Wolosoff began receiving wider acclaim as a composer with the release of “Songs Without Words” on Naxos American Classics, a collection of 18 divertimenti performed by the Carpe Diem String Quartet. Additional commissions have come from ETHEL, the Lark Quartet, the Minnesota Ballet, recorder player Michala Petri, and the 21st Century Consort. In 2007 he led the Columbus Symphony in a performance of his “Sinfonia” as part of their Bach & Beyond Festival. Wolosoff’s chamber opera “Madimi,” with a libretto by the late Michael Hall, was premiered at Symphony Space in New York City by the Center for Contemporary Opera.
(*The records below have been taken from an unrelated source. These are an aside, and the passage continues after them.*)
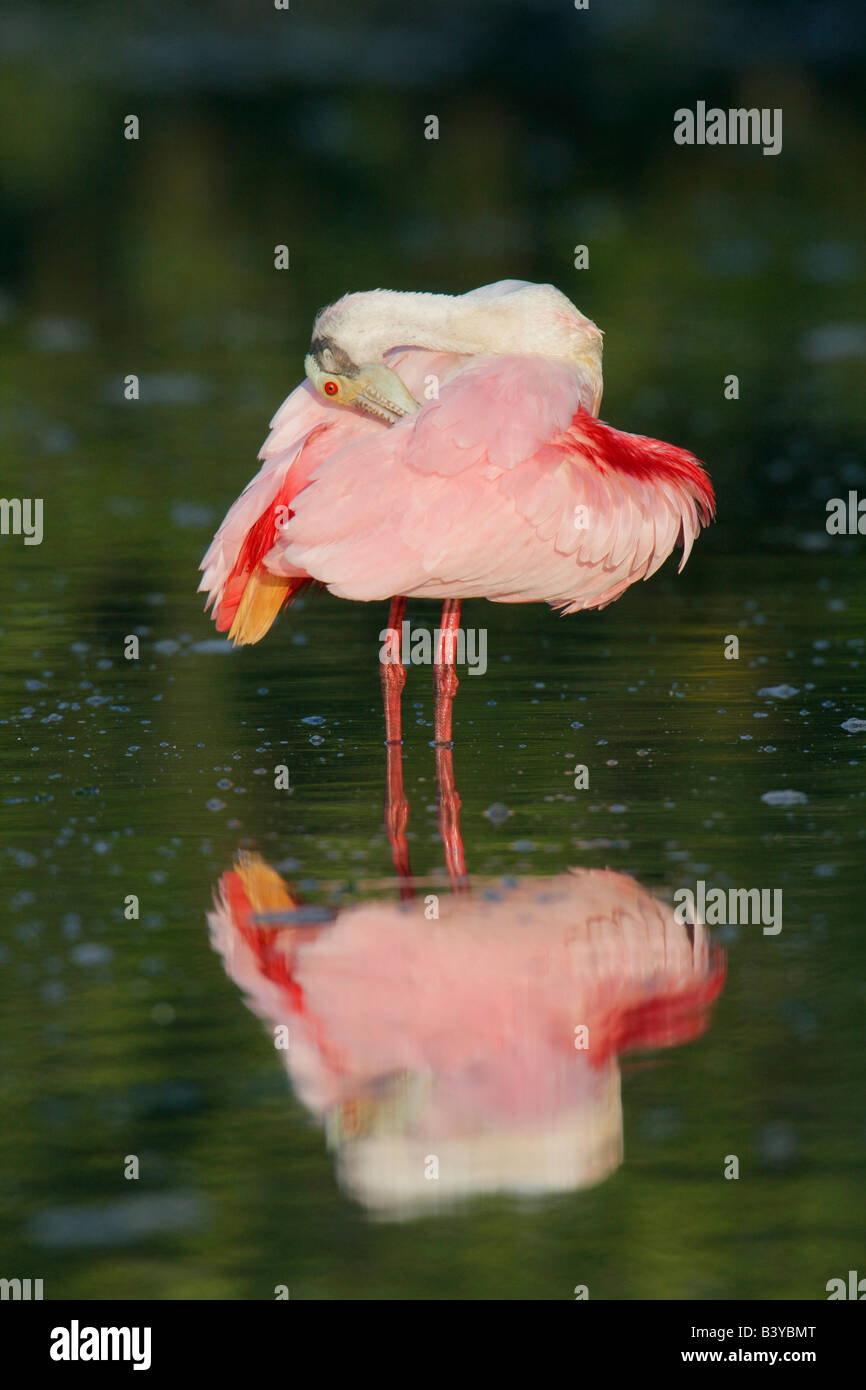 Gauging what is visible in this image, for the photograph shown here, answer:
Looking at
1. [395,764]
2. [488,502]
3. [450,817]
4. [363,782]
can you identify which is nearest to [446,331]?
[488,502]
Another opera, “The Great Good Thing,” with a libretto by Debbie Danielpour based on the young adult novel by Roderick Townley, was workshopped by operamission.

Wolosoff has maintained a private teaching studio since 1968. For eight years, he was a visiting artist at the Hayground School in Bridgehampton, New York, where he launched a creative orchestra of young composers, most of whom had no previous formal music training, in which students performed and conducted each other’s music.

Wolosoff earned a B.A. from Bard College, where he studied with Joan Tower and ran an improvisational group with multi-instrumentalist and composer Elliot Sharp, and an M.M. in Piano Performance from the New England Conservatory. He studied composition and orchestration with Lawrence Widdoes, and pursued post-graduate studies at the Dalcroze School of Music with Dr. Hilda Schuster. Wolosoff’s principal piano instructor was German Diez, who taught the technique of Claudio Arrau. Other teachers include Evelyne Crochet, Richard Goode, Jorge Bolet, Charlie Banacos, and Jaki Byard.